We spoke previously about Escape to Pretoria. Is there any other work that people may have seen, or they can check out?
I did a very low budget feature length. I’ve done some TV and I’ve done a few shorts. When you're doing all of that, you're taking a few colours that someone's thrown on the table and going, ‘Oh, I can do this.’ You're partly making a lot of mistakes. Tarantino made a first movie and it was a complete mess, but he made all his mistakes and learned everything he needed to make Reservoir Dogs after this first movie. I can empathise with that. The feature-length movie I made, it was like a Lars von Trier-esque, Dogville, Manderlay sort of thing. We built sets, but then the fourth wall didn't exist. We did a scene in the tavern, we had tables and lamps, but it was black. There was one door in the middle. We tried to abstract it. That was because of no money. Also, because it was supposed to be this illusory dream-like transition between real life and a strange place, ‘What's going on?’ We leant into the art and the expression of it. I learned a lot about what works, about what doesn't. I shot a scene that didn't really work, but then I jump cut it and it gave it this real energy. ‘Right, jump cuts, temporal time, I can play with time.’ I was cutting my teeth, making those movies. The main theatrical movie was Escape From Pretoria.
At the risk of sounding like your mother-in-law, can you make a living out of this?

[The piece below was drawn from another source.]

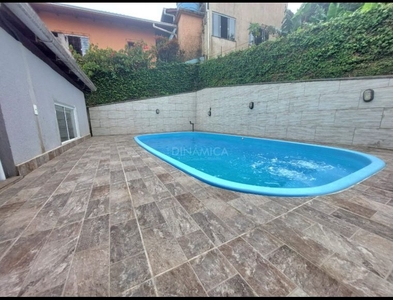 Casa no Bairro Tribess em Blumenau com 5 Dormitórios (2 suítes) e 174.19 m²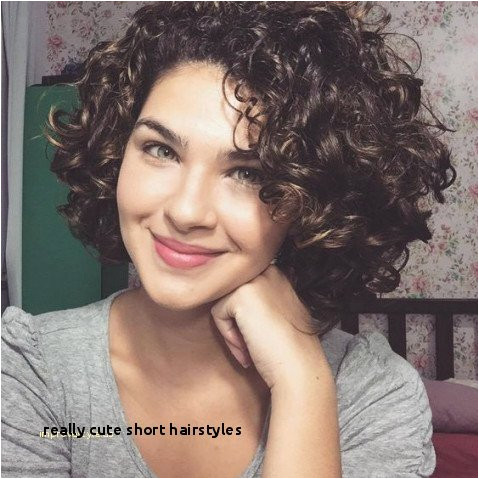 Cute Hairstyles and Color for Short Hair Re Mendations Cute Short Hairstyles Best Really Cute Short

Yes and no. It's a bit like being an actor or being a musician, an artist, painter. The thing is the thing, the artistic discipline is what it is. One's ability to be successful and make money out of it is almost, it's a very important question, but it's almost separate from it. Some of the best artists in the world may well be a 70-year-old woman living in a council flat down the road. She's an amazing artist, but she does it for the love of it. It's only either when she passes or when someone finds her stuff that you go, ‘Oh my gosh, I've got all this amazing stuff.’ The same with filmmaking. It's this weird synthesis of creative and artistic pursuit on one hand and the need to make money to live. I have been able to, but it is hard because the monetary value and the monetary element of it is externally derived. If you get a job, you can apply for a job, can eventually do the interview and you get that job and, redundancies and economic situations notwithstanding, you've got that job. You either leave it or resign or whatever. That's not how films are. Films are essentially contracts. You're working on a very contract basis. You're not working until you are on a movie. When you're on a movie, life is great, you're getting paid, and then the day that that movie's over, you're not getting paid. You're not staff, you're not salaried. And in order to get a movie greenlit, there's so many things that out of your control, that you're very much reliant upon other factors. A studio boss saying ‘Yes,’ money coming together, an actor or actress saying, ‘I want to work with you.’
What have you been doing for income since you finished Escape from Pretoria?
Because I write, I've been able to write as a source of income.
Is this writing films for yourself or is this writing for other people?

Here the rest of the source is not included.